CDB: And therefore, when we design the future financial system, we have to keep in mind that there is a dialectic between regulation and innovation. And therefore, we will have to improve Basel II, the solvency rules for the banks; we will have to look at the solvency and liquidity rules of insurance companies and also liquidity rules for the banks.

F24: Who is going to provide the regulations? You mentioned the IMF earlier, that it needs be a new actor, a new leader? Is that a realistic option that it could provide the oversight?

CDB: My proposal is that the IMF could co-manage, co-manage the future systemic banking and financial crisis. When I say co-manage, it means manage with the central banks, because the IMF is not going to become a true central bank and manage with the governments. And therefore, we have to give some regulatory powers to the IMF —which is not the case today— which will be exercised with the national authorities, co-managed.

F24: What do you think of that, of a system of co-regulation?

JC: The same people that are responsible for the mess in which we are, cannot be called upon to solve it. And I am very doubtful when I see Alan Greenspan as special advisor to M. Gordon Brown in England; when I see Michel Camdessus, the former head of the IMF, called upon to lead the French agency to refinance the banks in France, and worse, since that is a conflict of interest. I'm shocked and really furious when I see Henry Paulson calling M. Neel Kashkari, who's from Goldman Sachs, to rule over the 700 billion dollars of the Paulson plan!
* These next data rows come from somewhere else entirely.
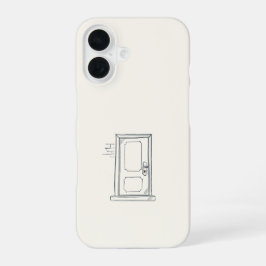 Introvert Geschenk Minimalist Deur Gesloten Lijnku iPhone 16 Hoesje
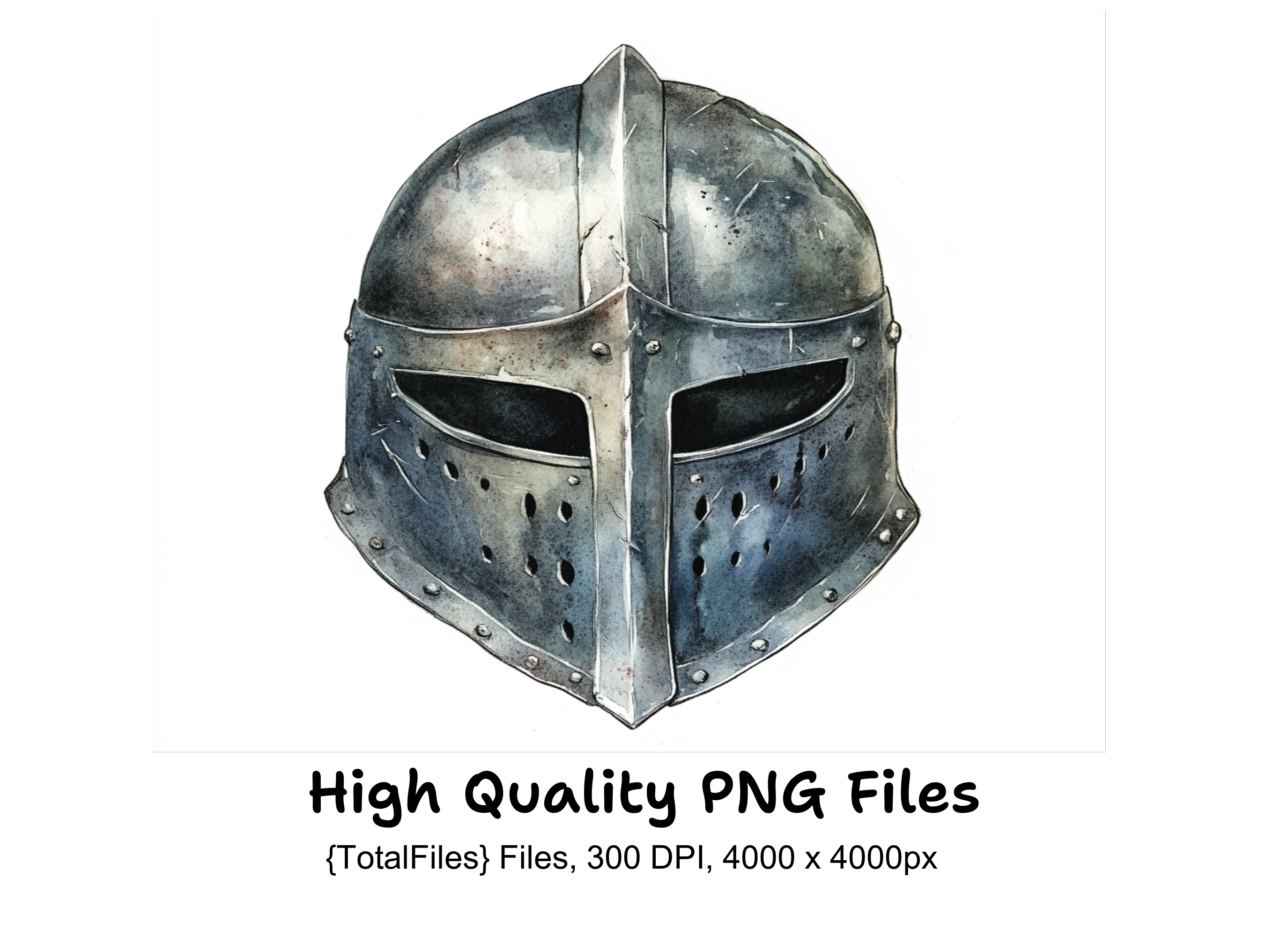 Fantasy Knight Helmets Clipart Bundle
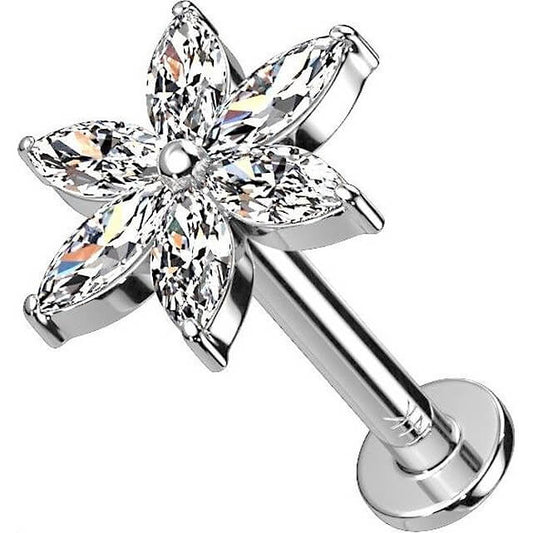 Solid Gold 14 Carat Labret Flower Zirconia Push-In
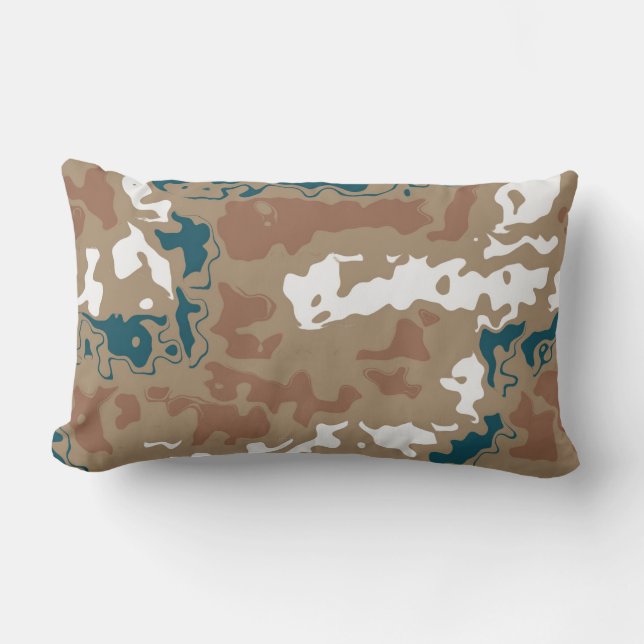 Abstrakt Earth Camouflage Brown Lendenkissen (Vorderseite)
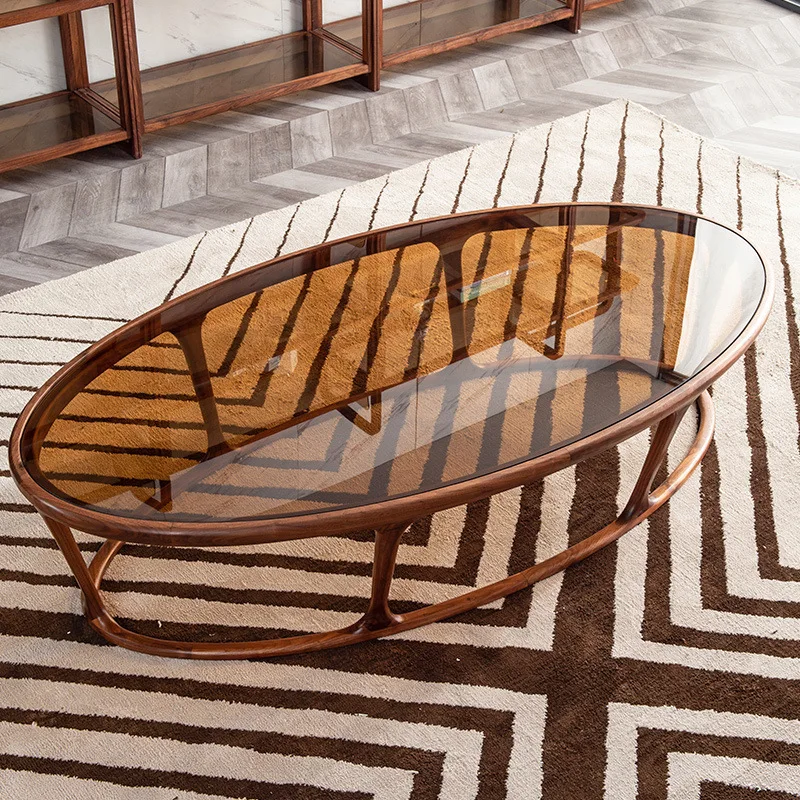 

North American black walnut tempered glass coffee table living room household oval solid wood Nordic Italian tea table furniture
I would say, if I can make a joke: No Sachs next night! No more Sachs!

CDB: This is a different point than the one I was making.

JC: Yes, You are an expert and I am a politician.

CDB: In my view, I want to avoid any kind of conflict of interest.

JC: Good!

CDB: The debate about if we have to give some regulatory powers to the IMF which could be exercised jointly with the national authorities, this is an important question. And it is also a political question.

F24: But who should then provide the oversight, if it's not the people who, in your view, are responsible for the mess?

JC: Well, I have been calling for a New Bretton Woods since years and years, and my American friend Lyndon LaRouche also has called for a New Bretton Woods, and we denounced derivatives right at their beginning. He denounced them in 1993, whereas George Soros, who is now talking and talking, created the derivatives and created the hedge funds. So, that's what I meant when I said that those responsible for the crisis should not be put in a position to speak, and speak about how to solve it. The doctor that made the good diagnosis should be one that should be in charge of curing the patient.

F24: I'm sorry we have to end here, so Christian can't even have the last word since we ran out of time. Thank you, etc.